=== GIVEN INFORMATION ===

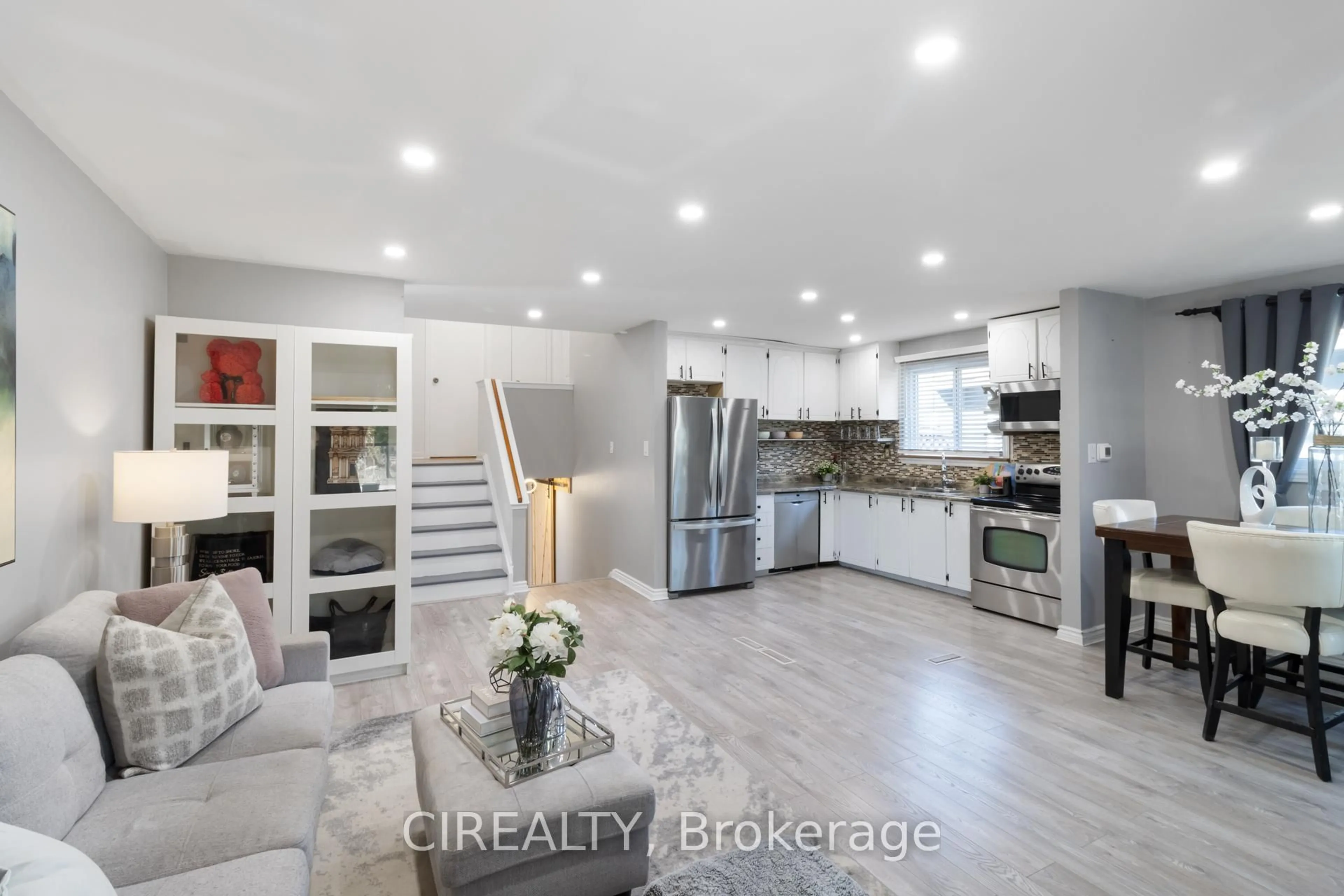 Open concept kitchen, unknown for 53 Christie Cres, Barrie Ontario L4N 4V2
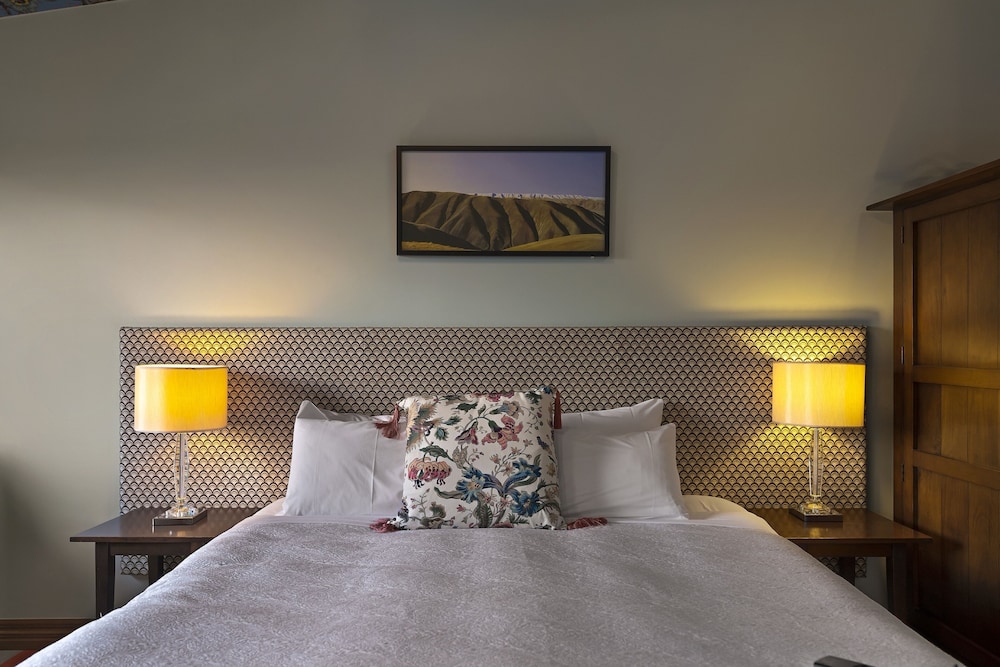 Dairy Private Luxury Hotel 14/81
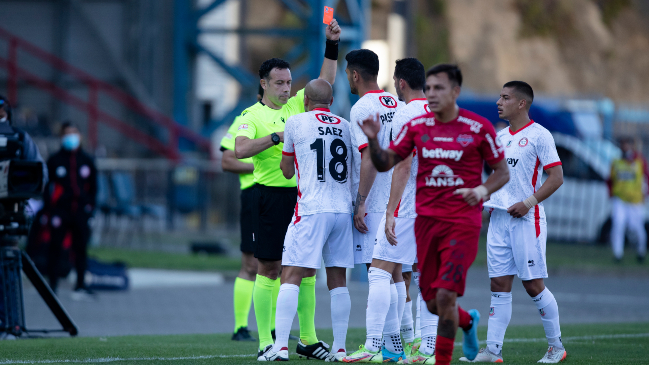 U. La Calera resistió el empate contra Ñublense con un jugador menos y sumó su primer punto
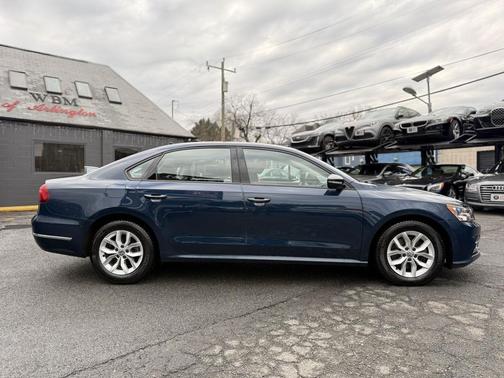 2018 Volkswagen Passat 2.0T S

===

(TASK REQUIREMENTS)
Quote, please, only the lines running from the one with "U. La Calera" down to the final line of the data above, keeping both ends and skipping the pictures.

(EXERCISE RESPONSE)
 U. La Calera resistió el empate contra Ñublense con un jugador menos y sumó su primer punto
 2018 Volkswagen Passat 2.0T S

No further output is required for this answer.